Letterman's top 10 list as blogging advice

Late Show with David Letterman executive producer Rob Burnett, in a recent interview on NPR's Fresh Air, shared an insight about the show's famous Top 10 lists that rang in my ears as good blogging advice. From the transcript:
BURNETT:....But, yes, I was around when the Top 10 began. And I think, like most things, no one ever really thought it would become what it would become. It was just a silly parody idea to make fun of other top 10 lists. 
GROSS: So how did it catch on? How did you know this was going to be a thing? 
BURNETT: Well, people responded to it, and it actually became kind of an interesting way to write topical jokes every day. It was an interesting forum. Originally, you know, the first one was very silly - Top 10 Things That Kind Of Rhyme With Peas (laughter) - very Letterman-esque. I remember when I was a writer, just a staff writer, Gerry Mulligan and I were pushing for a long time and finally got through a list that was Top 10 Ways The World Would Be Different If Everyone Were Named Phil, which was one of my favorites. It was so dumb. It was things like, you know, Ben & Jerry's now called Phil & Phil's, you know? It couldn't have been a stupider, you know? Favorite Beatle? Phil. It was just (laughter) it was just 10 of the stupidest things possible, and some of those were, ultimately, my favorites.
Blog-wise, this doesn't mean you need to write top 10 lists...unless that's a format that works for you and your readers. But it suggests that a format helps with the writing.

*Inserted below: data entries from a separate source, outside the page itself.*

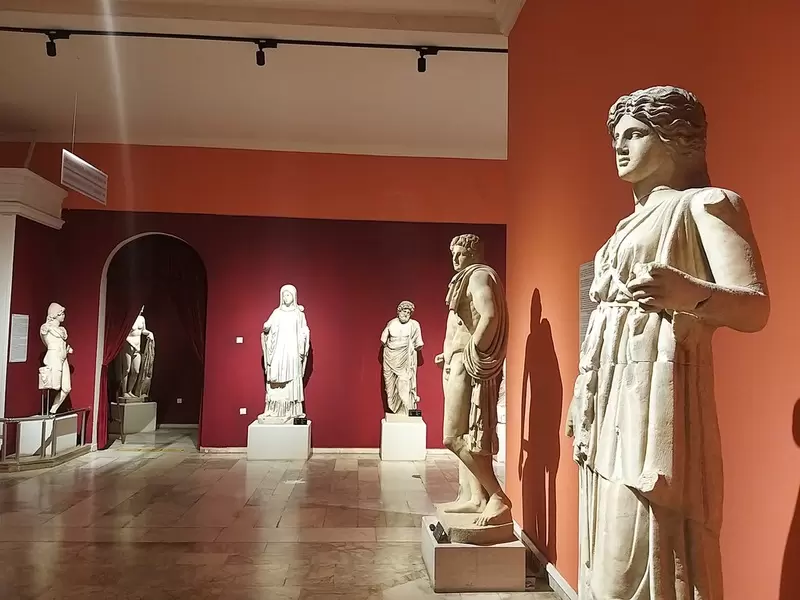 Откройте для себя музей Анталии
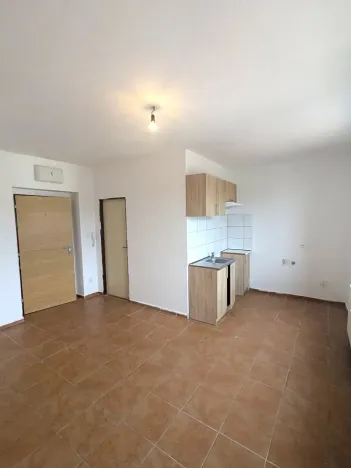 Pronájem bytu 1+kk, Děčín, Jiskrova, 22 m2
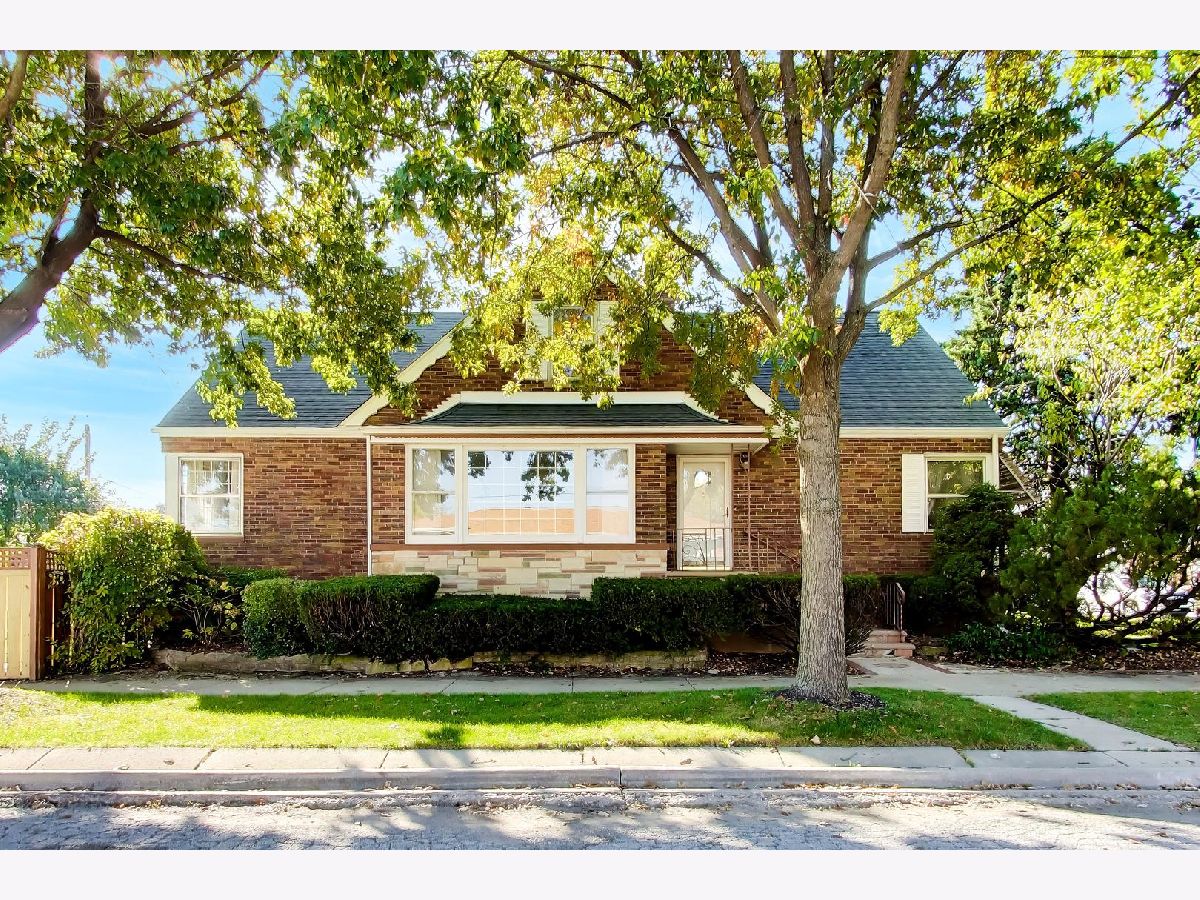  For Sale Chicago Illinois, 8201 Whipple Street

I see bloggers, time and again, deride formats as "listicles" or worse, and yet have trouble coming up with content. Format gives your ideas shape and structure for the reader, and helps you develop strong content. A regular format helps you anticipate and recognize relevant topics when they arise, and gives you a set of assumptions about how they'll fit into the blog...both timesavers. Formats mean you don't need to reinvent the wheel, over and over again. The same thing happens with storytelling. We have ancient and well-established forms for telling stories, but the modern-day storyteller rarely uses them, and the stories suffer.

You may find a durable format in the same way the Letterman show writers did, through your audience. Or you can try out a variety of formats to see which get the best response or make the most of your content stream. Over time, using a strong format again and again lends your blog an overall structure. Readers come to know what to expect, and come back for it. In this case, it builds familiarity while preserving originality--a good format, like a good Letterman top 10 list, seems at once regular and surprising. And isn't that what a blog should be?